Sacro Monte di Varallo
The Sacred Mount of Varallo is located in Valsesia, in the province of Vercelli. It sits on a buttress of rock above the town of Varallo (600 m a.s.l) and it is the oldest and the most important Sacred Mount of the alpine region.
Its story begins at the end of the 15th century, when the Franciscan friar Bernardino Caimi di Milano, on his return from the Holy Land, where he had been the guardian of the Holy Sepulchre, decided to reproduce the holy places of Palestine in Valsesia. The “New Jerusalem” as the Sacred Mount was called, initially was meant to reproduce the distant sites of the Christian tradition for all those who would never be able to go there. Inside these places, there were images, paintings and sculptures that evoked the corresponding events of the story of the life of Christ.

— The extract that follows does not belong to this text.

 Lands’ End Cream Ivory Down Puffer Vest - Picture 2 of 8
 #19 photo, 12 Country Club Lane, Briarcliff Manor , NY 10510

Already in the early 16th century, thanks to the work of the painter, sculptor and architect Gaudenzio Ferrari, the scenes inside the chapels were presented in a genial and innovative merging of painting, and sculptures with strong realism, so that the devout could feel strongly involved, almost part of the spectacle presented. Gaudenzio Ferrari’s work would be taken as a model for the construction of many other Sacred Mounts.
In the Counter-Reformation period, the Sacred Mount took on the nature of a route, real but at the same time mystical, that pilgrims followed recalling the story of the life of Christ.
The Sacred Mount of Varallo includes a basilica and forty-five frescoed chapels populated by over eight hundred statues. Over a period of time, numerous important Piemonte artists contributed to the decoration and completion of this extraordinary complex; among these, besides Gaudenzio Ferrari, there were Bernardino Lanino, Tanzio da Varallo, the d’Enrico brothers, il Morazzone, Dionigi Bussola and Benedetto Alfieri.